Print the line that contains "Foto de Capilla", then every line after it until the entries end, exactly as they read; do not include pictures.

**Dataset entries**
□ □ □ □ □ □ □

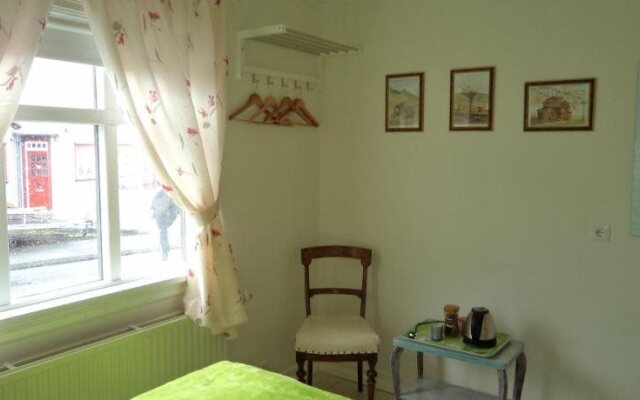 Edda´s Farmhouse In Town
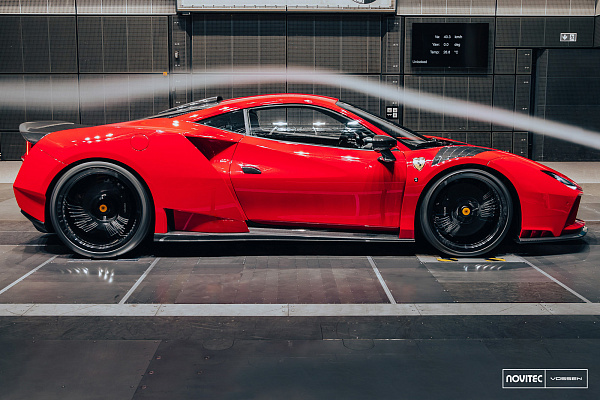 Фото дисков NOVITEC NF10 Черный глянец на Ferrari F8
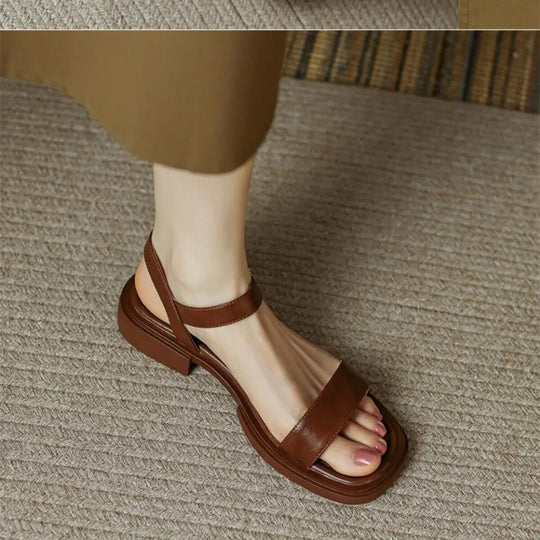 Heidi-Mode | Stilvolle Niedrige Lederschuhe
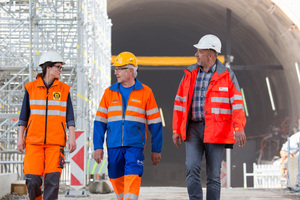  Nicole Kölbener, Bauführerin bei Marti Tunnelbau mit René Bolliger, Leiter Untertagebau DACH bei BASF und Fabien Cerf, Verkaufsleiter Genf bei Holcim Schweiz vor dem „Tunnel de Champel“ in Genf, Schweiz.  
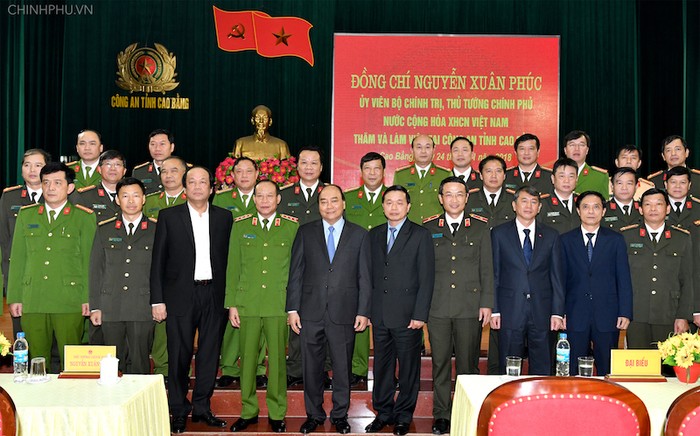 Thủ tướng Nguyễn Xuân Phúc thăm Công an tỉnh Cao Bằng. Ảnh: VGP/Quang Hiếu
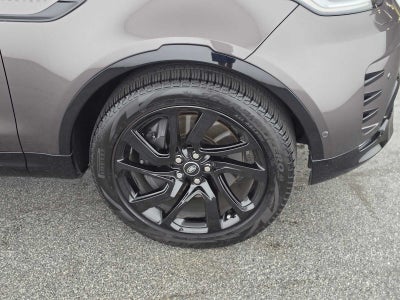 2025 Land Rover Discovery Dynamic SE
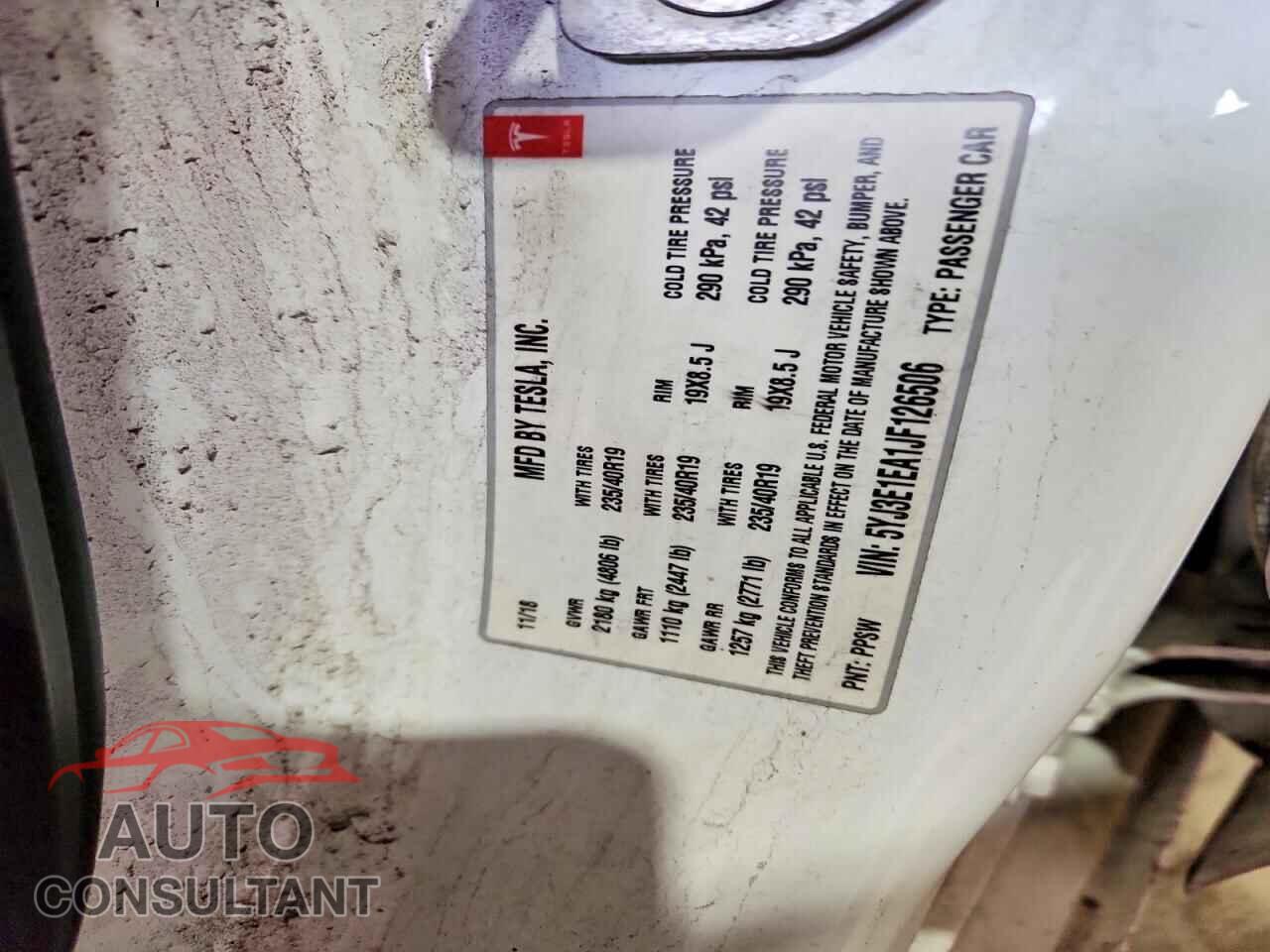 TESLA MODEL 3 2018 - 5YJ3E1EA1JF126506
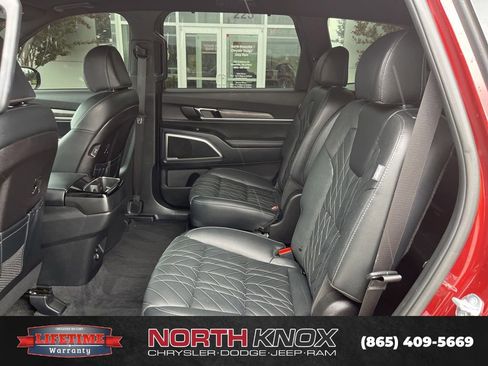 Used 2024 Kia Telluride EX X-Line AWD/4WD image 14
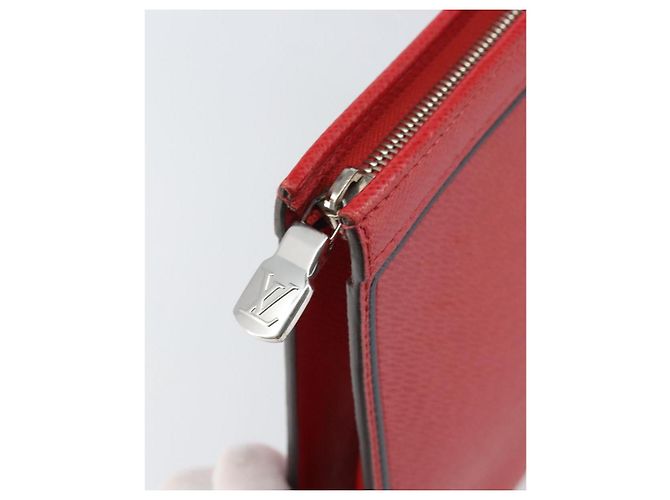 LOUIS VUITTON Pochette Voyager MM in Taiga Rosso Akajou M63397 Auth 170741 - vista 9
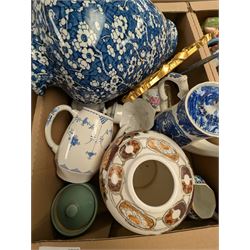 Barge Ware teapot, Withernsea vase, blue and white ceramics and other collectables, in three boxes 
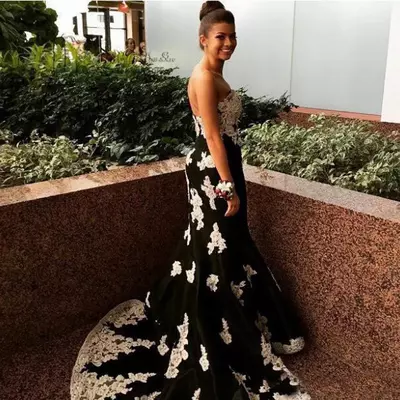 Off Shoulder Appliques Plus Size Evening Gowns Long Mermaid Formal Party Evening Dress Backless Stunning Beaded Prom Dresses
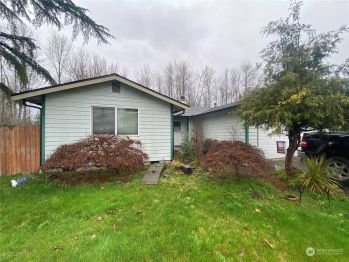 124 6th Avenue SW, Pacific, WA 98047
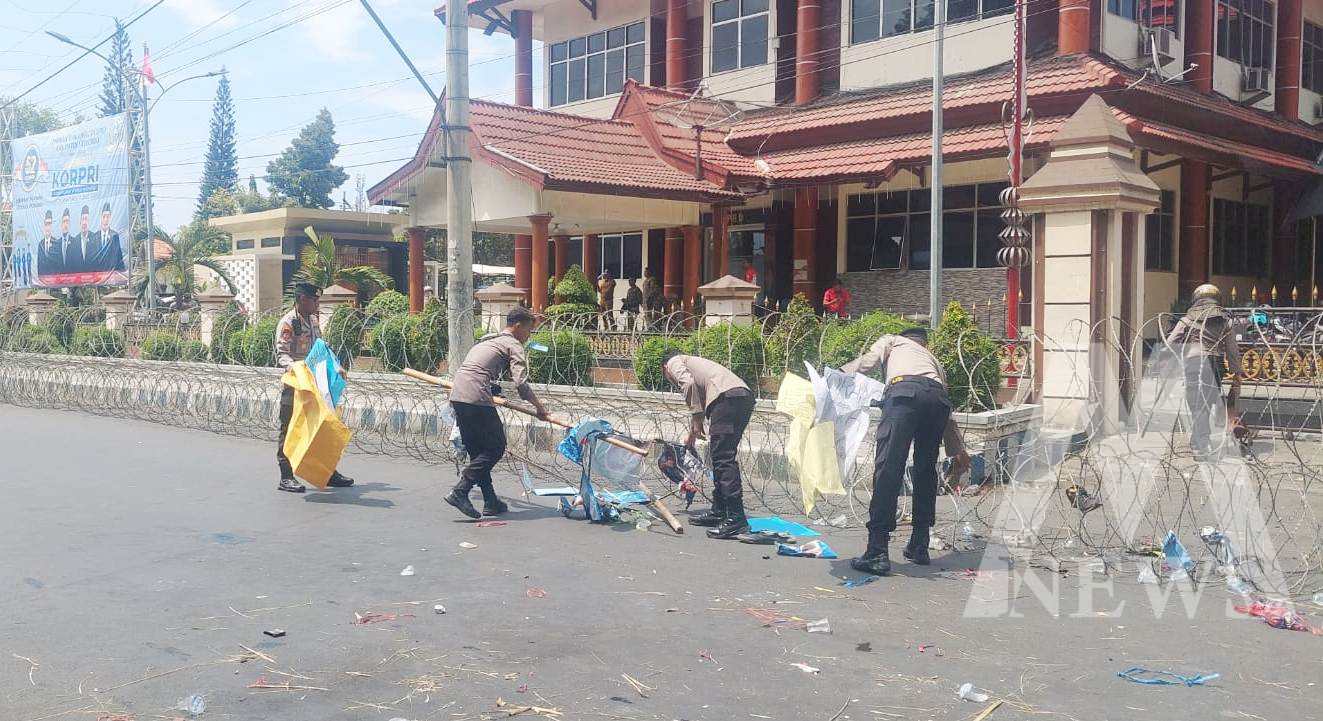 Polisi Peduli Lingkungan bersihkan sampah depan kantor DPRD Situbondo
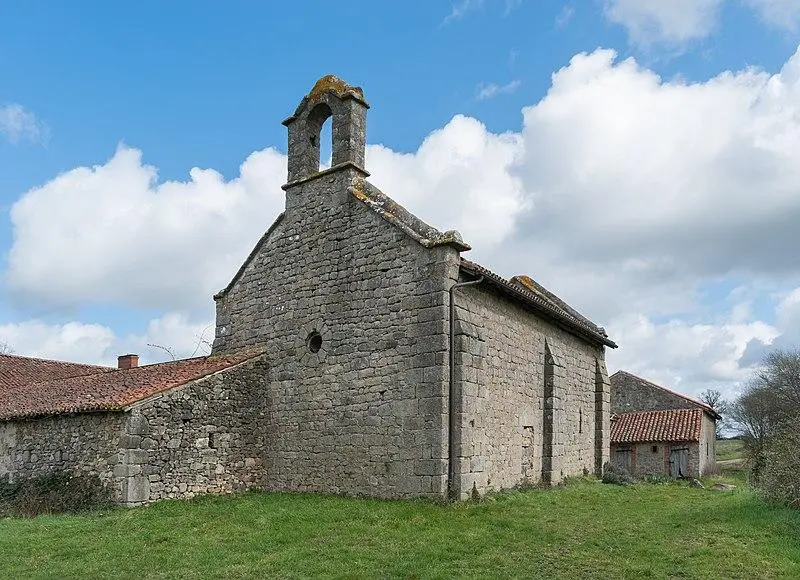 Foto de Capilla Sainte-Marie-Madeleine de la Plain (o la queja) - Krzysztof Golik (1987–) Autres noms pseudonyme : T - © Creative Commons (https://creativecommons.org/licenses/by-sa/4.0/deed.fr)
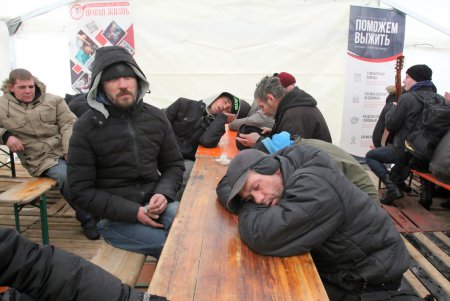 Пункт обогрева на Куликовом поле: горячий чай, еда и теплая одежда (фоторепортаж)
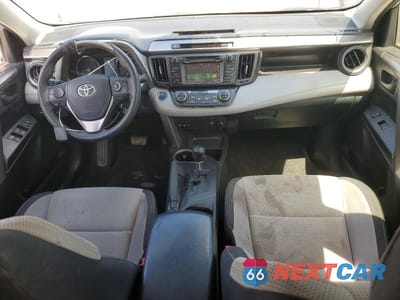 Zdjęcie 8 z 13 samochodu: 2018 TOYOTA RAV4 HYBRID LE VIN:JTMRJREV5JD213856 - miniatura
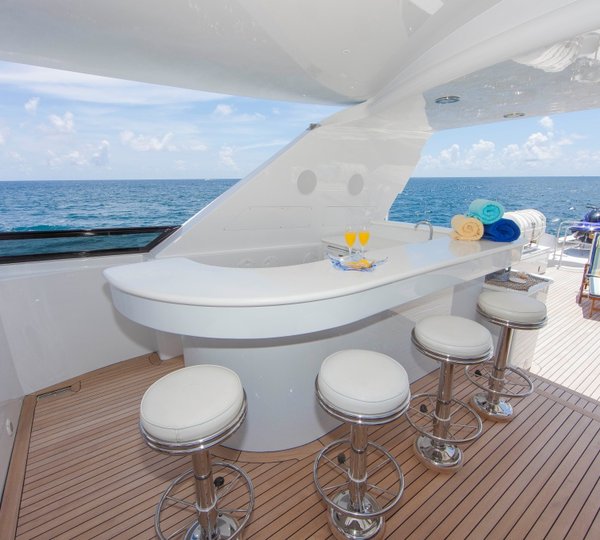 Motor Yacht ASPEN ALTERNATIVE - Sundeck bar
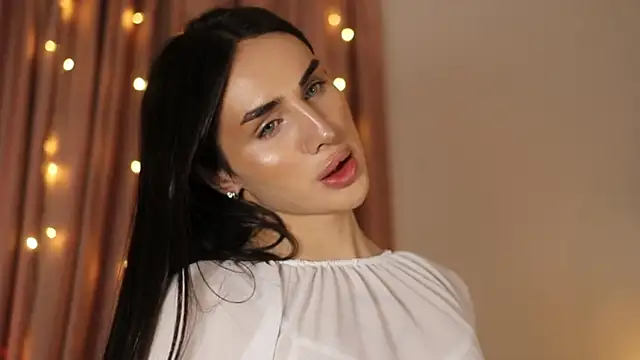 Snapshot of Kim_Oberlin_ chatting on December 18, 1:56 pm Kim Oberlin online show from December 18, 1:56 pm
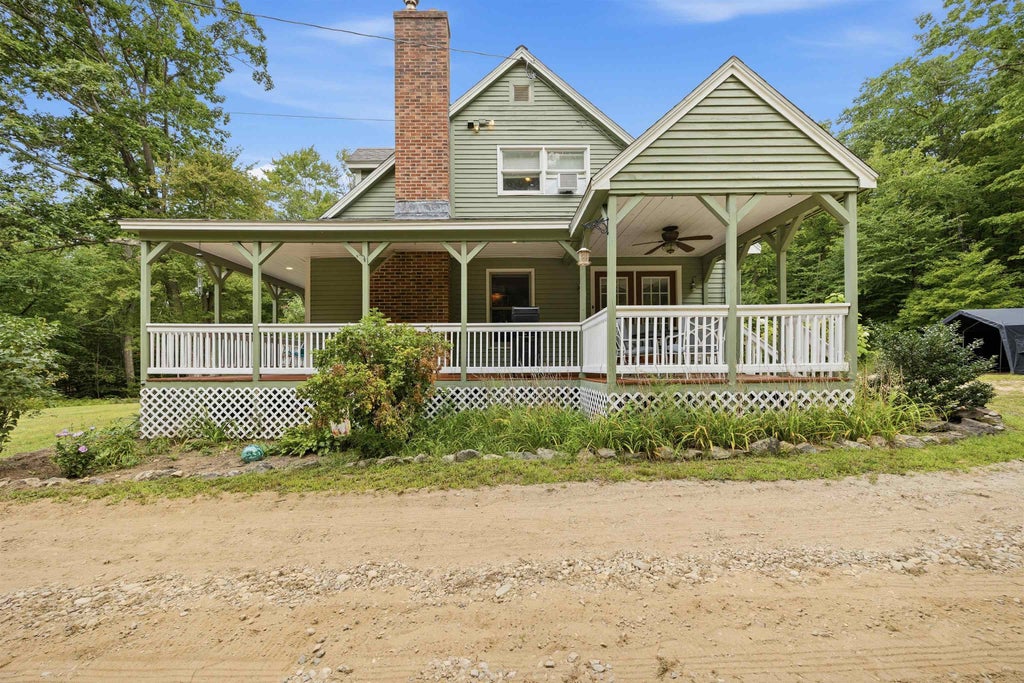 Photo of 7 True Road, Pittsfield, NH 03263 (MLS # 5107431)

□ □ □ □ □ □ □

**Task output**
 Foto de Capilla Sainte-Marie-Madeleine de la Plain (o la queja) - Krzysztof Golik (1987–) Autres noms pseudonyme : T - © Creative Commons (https://creativecommons.org/licenses/by-sa/4.0/deed.fr)
 Пункт обогрева на Куликовом поле: горячий чай, еда и теплая одежда (фоторепортаж)
 Zdjęcie 8 z 13 samochodu: 2018 TOYOTA RAV4 HYBRID LE VIN:JTMRJREV5JD213856 - miniatura
 Motor Yacht ASPEN ALTERNATIVE - Sundeck bar
 Snapshot of Kim_Oberlin_ chatting on December 18, 1:56 pm Kim Oberlin online show from December 18, 1:56 pm
 Photo of 7 True Road, Pittsfield, NH 03263 (MLS # 5107431)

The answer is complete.